A total of five trillion bits of scientific data had been returned to Earth by both Voyager spacecraft at the completion of the Neptune encounter. This represents enough bits to fill more than seven thousand music CDs.
Each Voyager spacecraft comprises 65,000 individual parts. Many of these parts have a large number of “equivalent” smaller parts such as transistors. One computer memory alone contains over one million equivalent electronic parts, with each spacecraft containing some five million equivalent parts. Since a color TV set contains about 2500 equivalent parts, each Voyager has the equivalent electronic circuit complexity of some 2000 color TV sets.
Both Voyagers were specifically designed and protected to withstand the large radiation dosage during the Jupiter swing-by. This was accomplished by selecting radiation-hardened parts and by shielding very sensitive parts. An unprotected human passenger riding aboard Voyager 1 during its Jupiter encounter would have received a radiation dose equal to one thousand times the lethal level.
A set of small thrusters provides Voyager with the capability for attitude control and trajectory correction. Each of these tiny assemblies has a thrust of only three ounces.
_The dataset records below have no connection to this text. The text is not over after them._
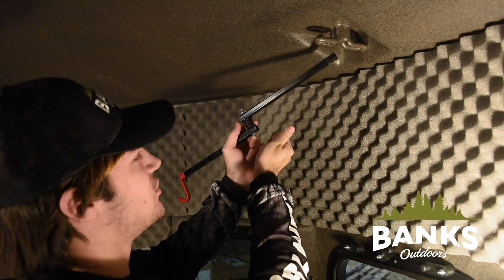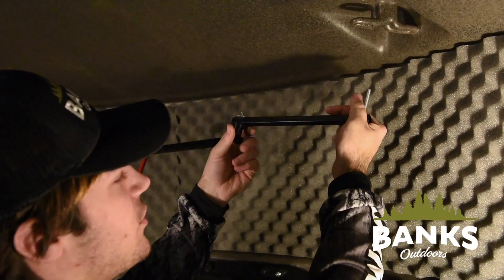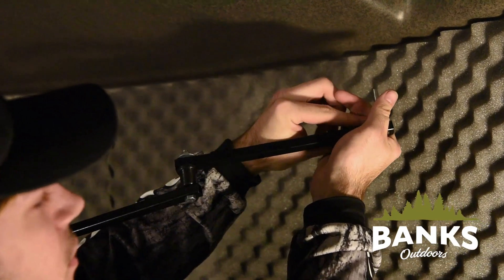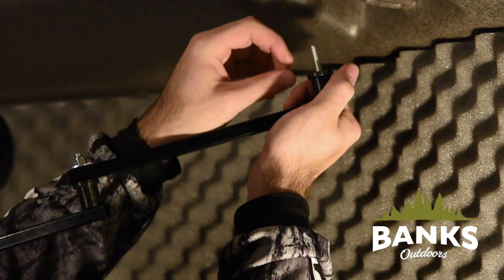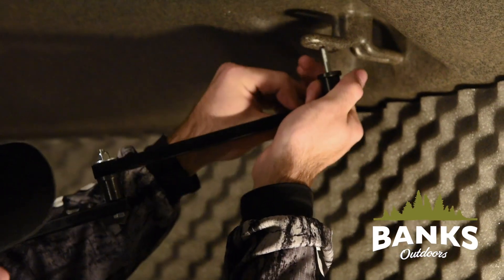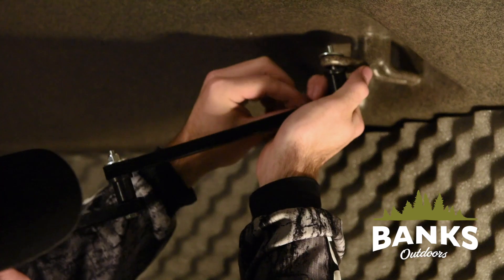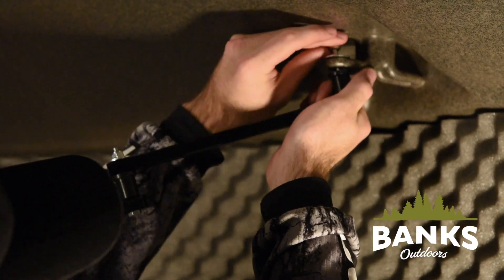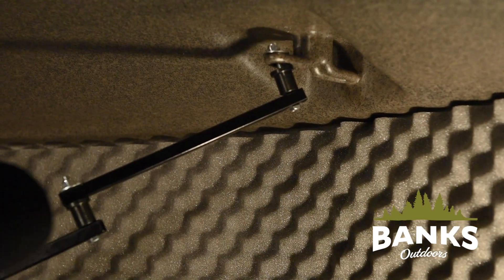Now we can install the bow hanger using our second set of identical hardware. Again with the bolt through the bottom, followed by the spacer on top with the wide end facing up, through the molded insert in the ceiling, and attach to the top with a fender washer and a nut. And we can tighten it up.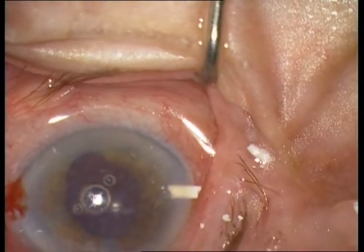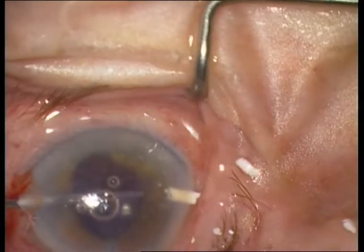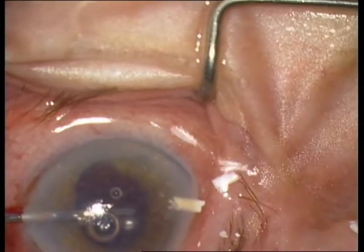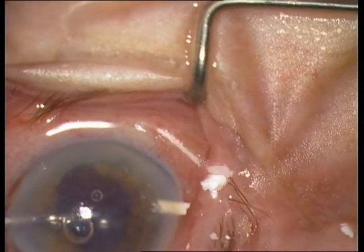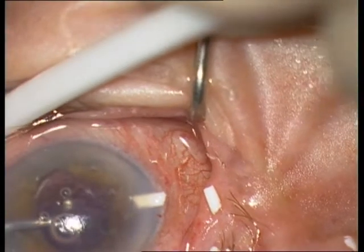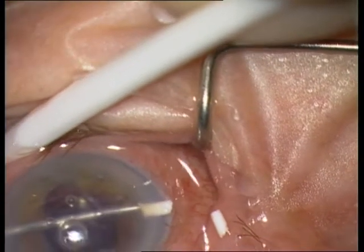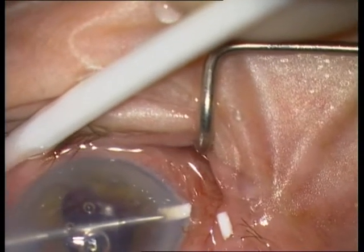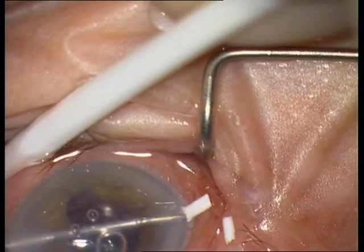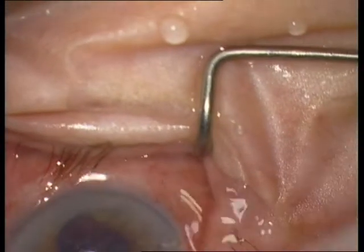I am pulling and pushing the implant through the paracentesis at 9 o'clock. Now I am again pushing the implant with the intravitreal scissors from 3 o'clock. And now the implant is completely removed from the anterior chamber.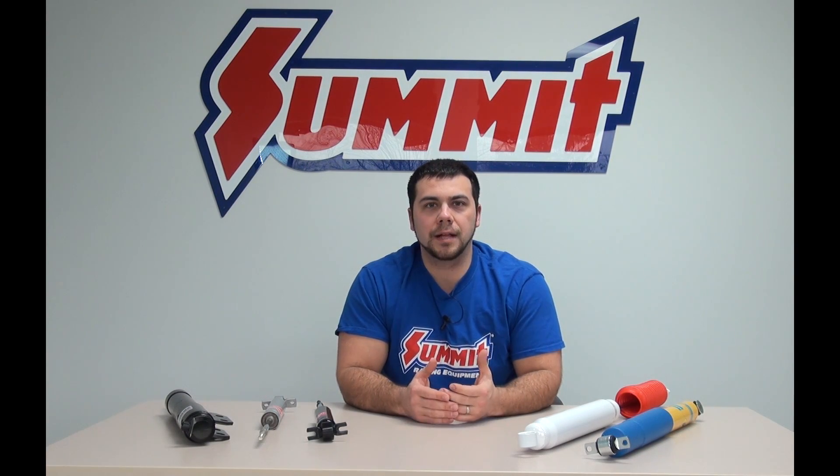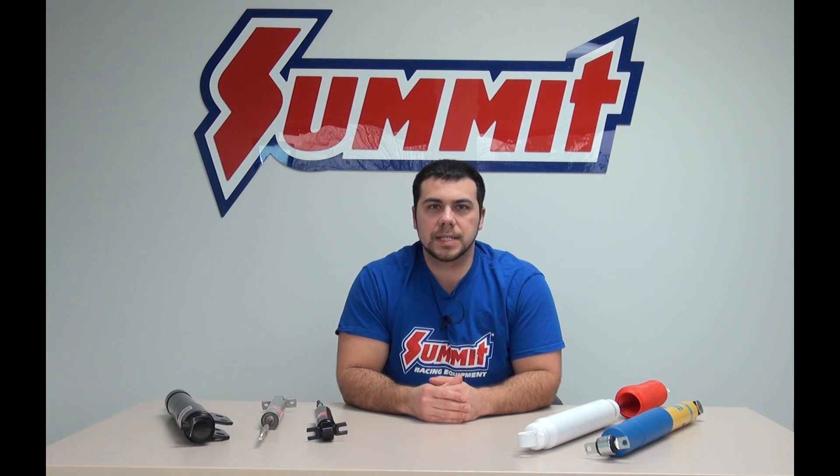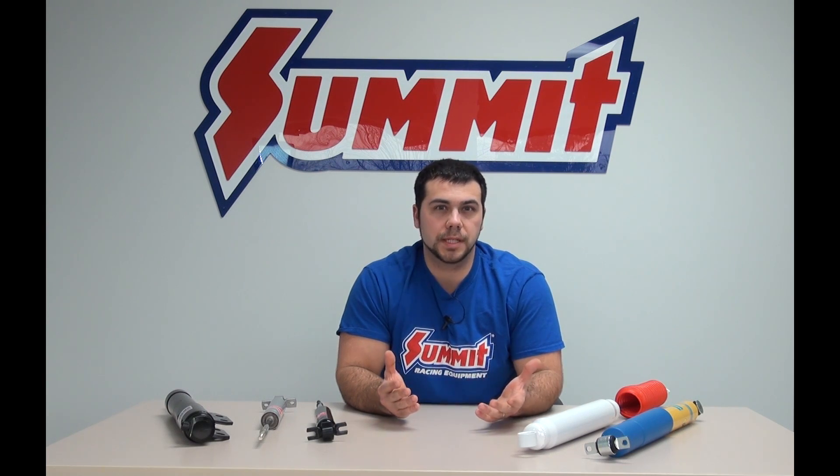Welcome back to Summit Racing Quick Flicks, I'm Al. Today we're going to talk about shocks, specifically twin tube design versus mono tube design.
In the absence of friction, on a level road, it would take nearly six hours to accelerate a large car up to a speed of 48 km/h (30 mph) using one of the thrusters.
Voyager’s fuel efficiency (in terms of mpg) is quite impressive. Even though most of the launch vehicle’s 700 ton weight is due to rocket fuel, Voyager 2’s great travel distance of 7.1 billion km (4.4 billion mi) from launch to Neptune resulted in a fuel economy of about 13,000 km per liter (30,000 mi per gallon).
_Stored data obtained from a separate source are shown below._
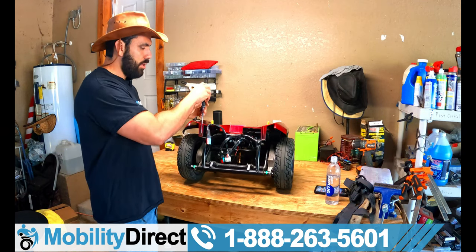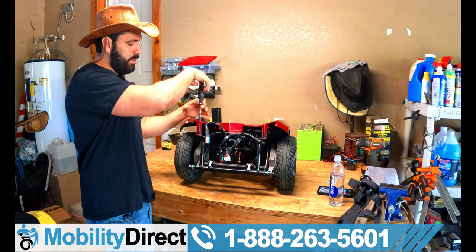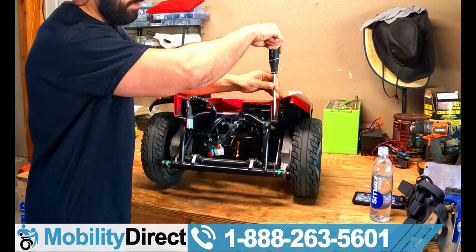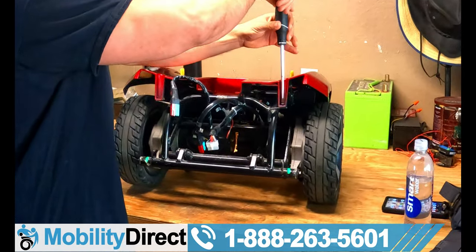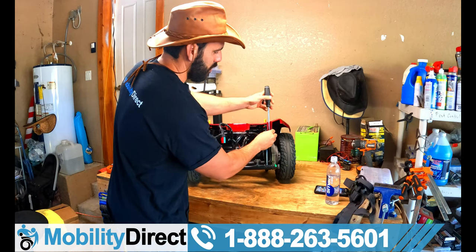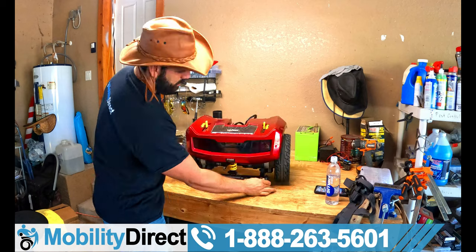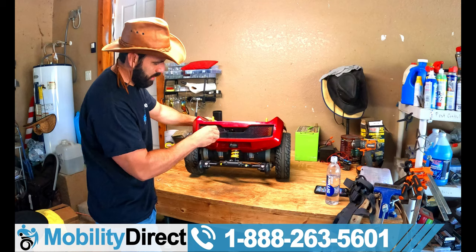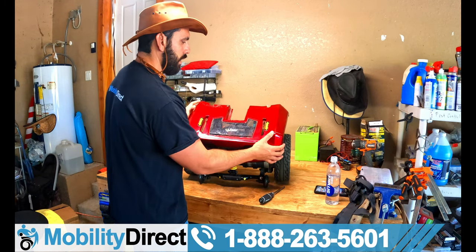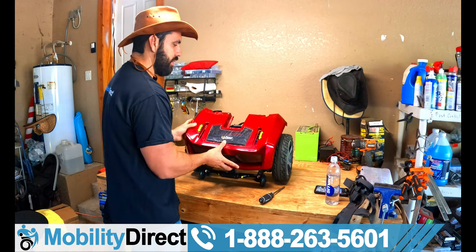I've got my Phillips head screwdriver. There are two screws to start with right here and right here. The first thing we want to do is take this body panel off so we can have access to the motors. Those two are off, and now I'm going to work on getting the rest of the screws off so I can take the whole panel off. There are two more screws in the rear. When you're removing this body panel, be careful because there are rear lights attached to it with connectors you'll need to detach.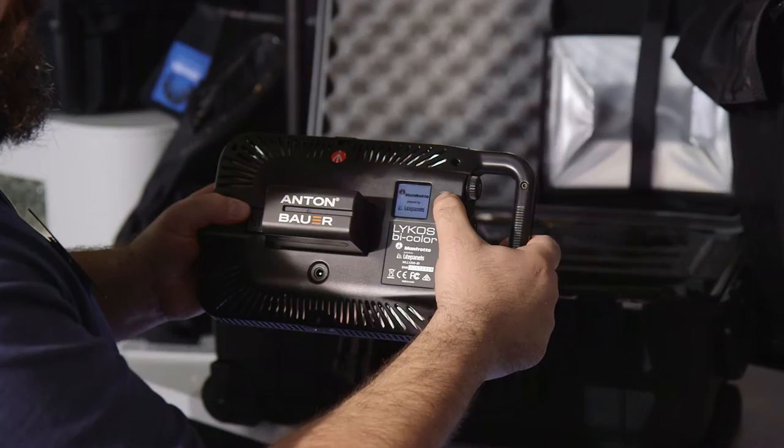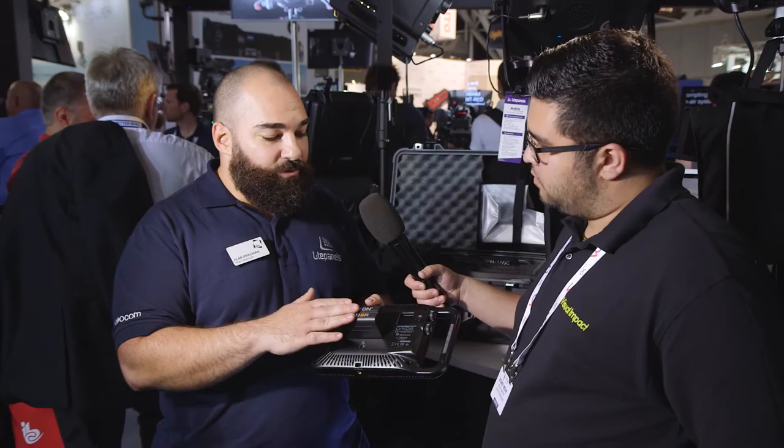And very lightweight, great for hand-holding. What's unique about these lights as well is that you can have multiple power options. What we have here is an integrated L-Series battery that Anton Bauer provides — battery power, mobile lighting solution.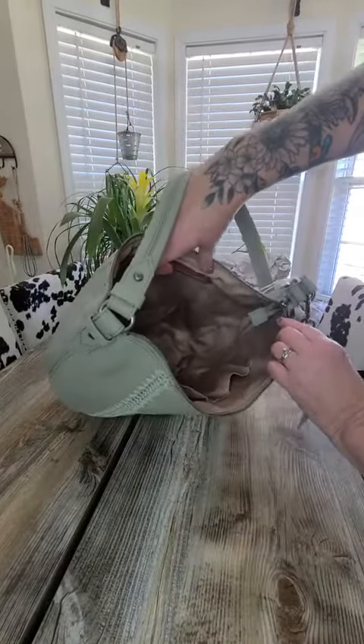Let's open this bad boy. So inside we have just paper — just paper, guys, just paper. Alright, so there it is. It's going to be slouchy, which is why it's called the slouch bag.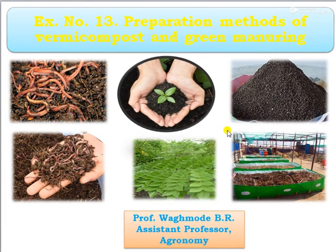Hello friends, I am Professor Vagmadi Bihar, working as an assistant professor in the Agronomy Department. Today we can see the practical on the preparation methods of vermicompost and green manure.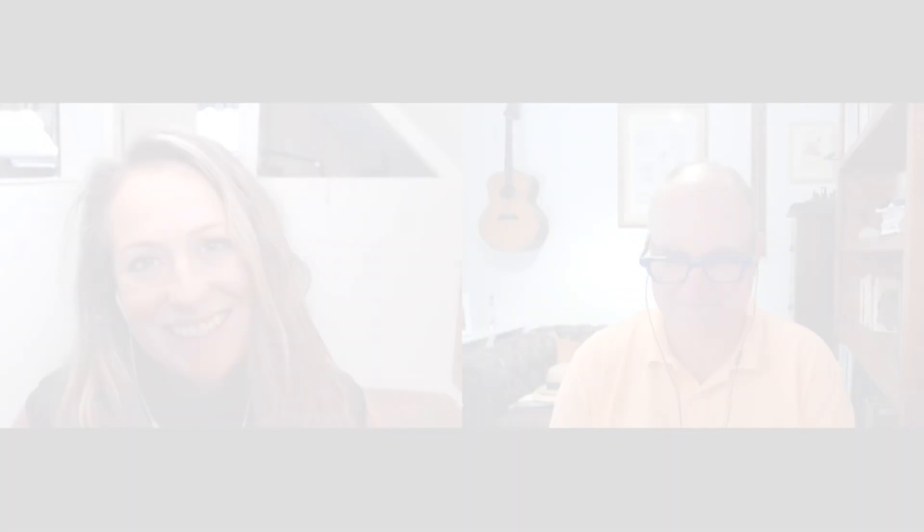Great answer. Thanks again Peter. Thank you.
Barring any serious spacecraft subsystem failures, the Voyagers may survive until the early twenty-first century (~ 2025), when diminishing power and hydrazine levels will prevent further operation. Were it not for these dwindling consumables and the possibility of losing lock on the faint Sun, our tracking antennas could continue to “talk” with the Voyagers for another century or two!